チェンソーマン(アニメ)はいいぞ

2010年台以降、個人的にアニメが全然楽しめなくなってほとんど見ていなかったのだが、なんとなく見たチェンソーマンがかなりいい感じだった。しかし、ネットの評判を見ると割りと散々なことが書かれているではないか。これに関しては、おそらくネガティブなことで記事を作った方が閲覧が増えるアフィサイト事情もあるのだろうとは思うが。おまけにTwitterで売上爆死してるから駄作などと言うのが流れてきたり。

自分としてはチェンソーマンのアニメはCGを取り入れつつめっちゃ画作りに挑戦していて久々にアニメを楽しめた。とりわけ感じたことはすごい!アニメ進歩してるな!である。

原作を大事にしてないという批判

初っ端からで大変恐縮なのだが、原作はアニメを見終わったあと、無料公開されているのを読んだ程度でほぼ読んでいない。

さて、この原作とイメージちゃうやろ、という批判は昔から人気原作のアニメ化で山のように見てきた光景だ。有名所だと押井守作品だとかGONZO作品だとか。この手の批判に思うのは、そもそもイメージを崩したくないのなら原作だけ見ていればいいのではないかということだ。私も読んでいた作品がその後アニメ化ということは何度か経験してきたが、本当に原作イメージを崩したくないほど好きな場合はアニメは見ていない。少なくとも原作に対する思い入れが強いうちは。もっとイメージしやすく言えば、漫画原作をドラマ化した場合、原作どおりのイメージで見れるかって言えばそんなわけないと普通思うだろう。そもそも脳内にあるキャラの声だとか世界観は自分だけのものなのだから違って当たり前だとしか思わない。原作が挿絵もない小説であれば尚更である。なのでアニメ版はアニメ版として楽しめやと、大変身も蓋もない持論を持っているわけである。

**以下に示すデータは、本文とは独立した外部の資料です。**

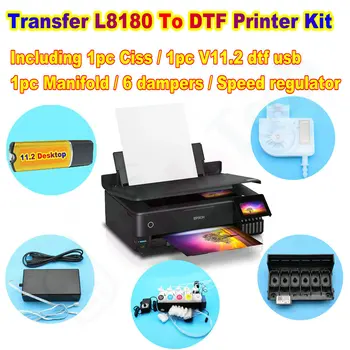 Перевод набора принтеров L8180 В DTF Преобразование набора принтеров L8050 L18050 В Dtf Инструмент для подключения принтеров DTF Программа Usb Ciss Система Заслонки Коллектор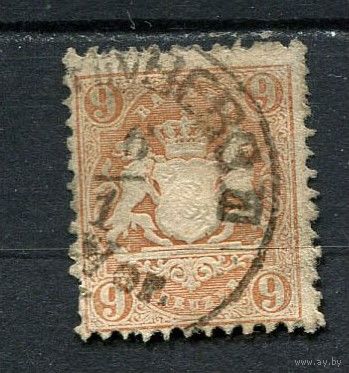 Германские земли - Независимое Королевство Бавария - 1873 - Герб 9Kr - [Mi.28y] - 1 марка. Гашеная.  (Лот 52HE)-T41P6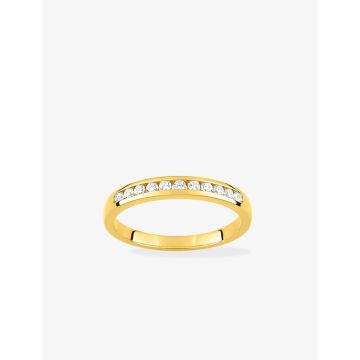 Alliance Demi-Tour Diamant 0.20ct Gh-P1p2 Or Jaune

アニメは原作に忠実じゃないとだめだ!という人はご愁傷さまである。今後見るアニメにもきっと怒り狂う場面が多いだろう。歴史がそう言っているので諦めたほうがいい。

CGについて

アニメのCGもここまできたかぁというのが最初に感じたことであった。メカがCGというのはだいぶ前から形になってる印象だったが、この作品では人物だの服だのも自然にアニメとして見ることができた。そりゃCGだってこと見りゃわかるだろ?と言われれば当たり前じゃんとしか言いようがない。しかし何も手書きのようにしか見えないCGじゃないといかんのかと。今作ではちゃんと”CGを使ったアニメ”として成立しているじゃないか。マジスゴイ。

人物CGが出たての頃なんて、人形が動き回ってるだけ、輪郭線がいつでもゴリゴリにごん太で入ってて塗り絵が動いてるみたい、服が全然生地っぽくない、人物の表情は不自然、動きは生物感無しといった具合だった。チェンソーマンのアニメはCGと手書きの合せ技だそうだが、CG作品として着実に進歩して今挙げたような不自然さはかなりの部分消えているように思えた。実はチェンソーマン見た後、今のアニメってそんなすごいんだと思って他のを見てみたのが、CGがとんでもなく微妙な作品が山程ある。現時点においてこのアニメのCGはかなり高みにあるということなのだろう。

CGなんだか手書きなんだかわからんけど、これくらいかっこいい画になってればいいじゃないか。目の虹彩なんかはよく出てくるシーンだけど、こういう複雑な模様がぐりぐり動くのだからすごい。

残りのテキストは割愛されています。